In 1976 Wozniak and Jobs started Apple Computer Inc. in Jobs parent’s garage. Job’s Volkswagen Combi was sold to raise capital. Wozniak recalls that Jobs suggested the name after visiting an apple orchard which was a commune. Their first creation was Apple I, essentially the guts of a computer without a case, keyboard or monitor.

Apple II, which came out in 1977, was the first machine for the mass market, it was a great hit and Jobs was worth $ 100 million by age 25. In 1983 Apple’s engineers brought out Lisa, a pricier computer named after Jobs’ daughter, it received a cool reception. In 1984 the less expensive Macintosh exploded onto the market. Marketed as the Mac, it was heralded by an epic Super Bowl commercial that referred to George Orwell’s 1984 and captured Apple’s iconoclastic style.

In the prime time TV commercial, expressionless drones marched through dark halls to an auditorium where a Big Brother like figure lectures on a big screen. A woman in a bright track suit bursts into the hall and throws a hammer at the screen, which explodes, stunning the drones, as a narrator announces the arrival of the Mac.
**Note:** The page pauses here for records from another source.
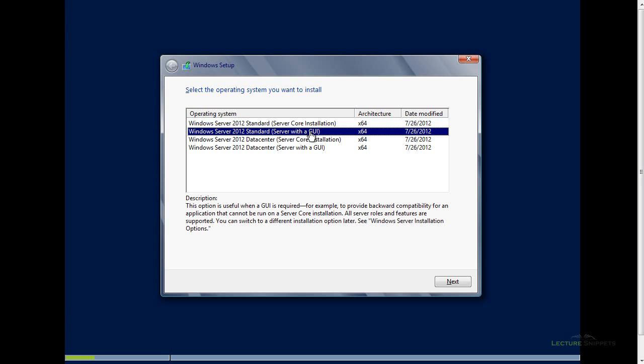This is the option I want to choose. I want to actually have that desktop to be able to use and set up all the roles and so forth of the server. So I'm going to choose the server with a GUI and I'm going to choose the standard edition. For the purposes of this lecture snippet, I do not need to have multiple virtualization servers. So this is the one option I want to choose. I'm going to go ahead and hit Next.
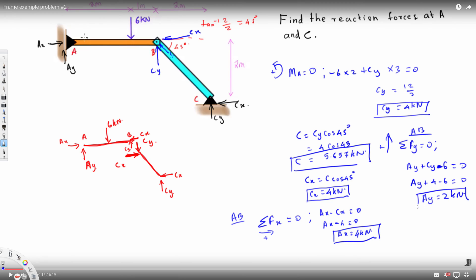To summarize the final answers: Cx equals 4 kN, Cy equals 4 kN, Ax equals 4 kN, and Ay equals 2 kN. These values are consistent throughout the members — Cx and Cy appear as 4 kN at all relevant joints. That's the final answer. I hope you liked this video, see you next time.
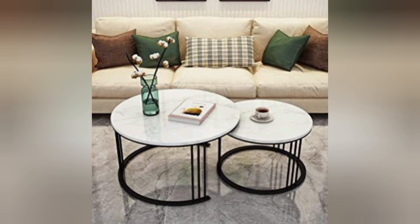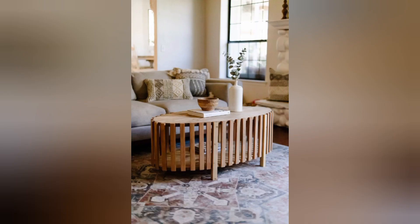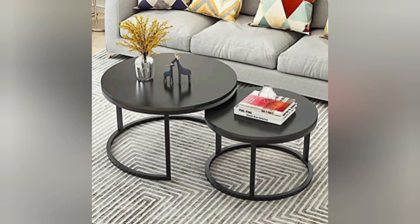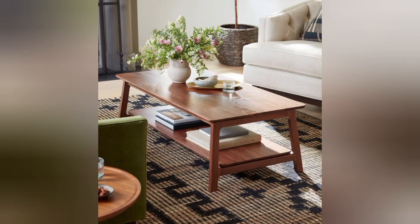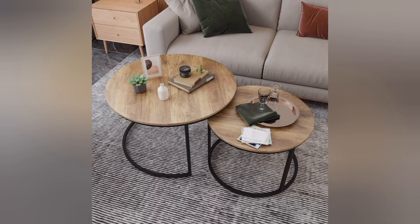Modern coffee table decor ideas to make a focal point in your living space — ideas like this will create an eye-catching centerpiece on your coffee table with details that make all the difference. You can easily create a strong focal point that zones your entire space with decorating details.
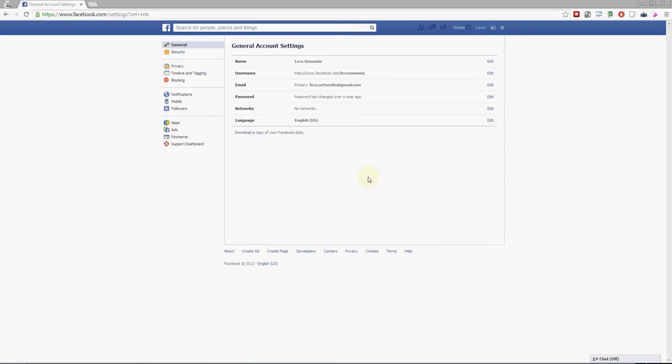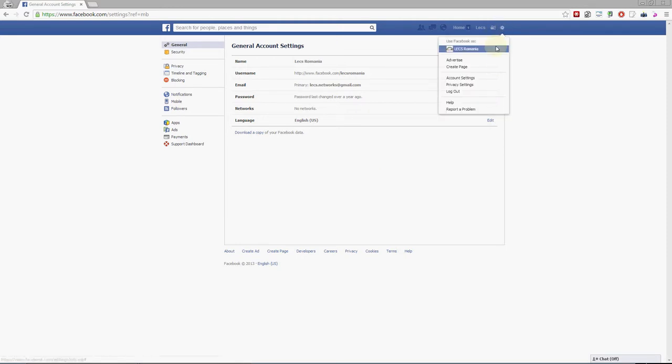Login on either a notebook or desktop PC and login to Facebook, then go here and click account settings.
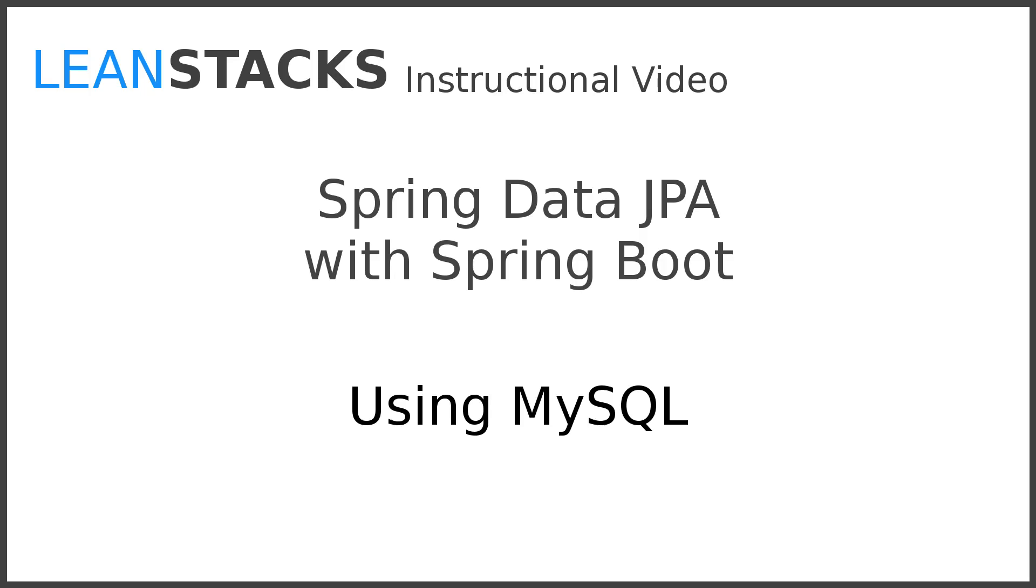Welcome to a LeanStax instructional video. This video is part of the Spring Data Fundamentals series. In this video, we enhance the Greeting Web Services project, integrating it with MySQL.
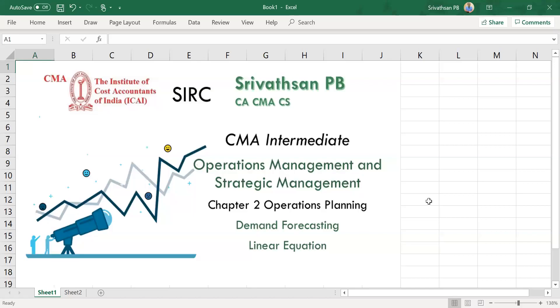Hi everyone, this is a lecture for the students of Institute of Cost Accountants of India intermediate level. We are going to look at operations management and strategic management subject chapter 2: operations planning, under that demand forecasting using linear equations. This is for the restricted purpose of the course.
It was classic Steve Jobs.

Realising that Apple needed a world class manager, Jobs lured the CEO of PepsiCo, John Sculley, to Apple by telling him: “If you stay longer at Pepsi, five years from now all you’ll have accomplished is selling a lot more sugar water to kids. If you come to Apple, you can change the world.” In 1989 he married a Stanford MBA student at a ceremony at Yosemite Park presided over by a Buddhist monk and settled in Palo Alto.

The Second Coming

Later Jobs fell out with Sculley and the Board at Apple and left. He described it as “the best thing that could have ever happened to me”. He co-founded a new firm called Pixar and another computer maker NeXT. Apple without Jobs lost its way and acquired NeXT and Jobs returned, he termed it the Second Coming and put NeXT software in the core of new Apple products. The iMac, the iPod, the iPhone and the iPad were instant hits. Apple became the world most valuable listed company.

Cancer emerges

In 2004 Jobs was diagnosed with pancreatic cancer. In 2005 at that now iconic Commencement Address to Stanford University undergraduates, he said: “Remembering that I’ll be dead soon is the most important tool I’ve ever encountered to help me make the big choices in life. Because almost everything – all external expectations, all pride, all fear of embarrassment or failure – these things just fall away in the face of death, leaving only what is truly important. Your time is limited, so don’t waste it living someone else’s life. Don’t let the noise of others opinions drown out your inner voice. And most of all have the courage to follow your heart and intuition.”

Jobs famously said: “Technology alone is not enough. Its technology married with liberal arts, married with humanities that yields the results that make our hearts sing. Being the richest man in the cemetery doesn’t matter to me … Going to bed at night saying we’ve done something wonderful… that’s what matters to me.”

Jobs when young once said that he wanted to “put a ding in the universe”. The magician in chief at Apple did just that, in spades. While saluting the life and times of Steve Jobs, we would do well to reflect upon and emulate the systems and processes that created a mind of that quality, ingenuity, creativity and competitiveness and nurtured it into full flowering and bloom. That only will be a meaningful tribute to his brilliant mind.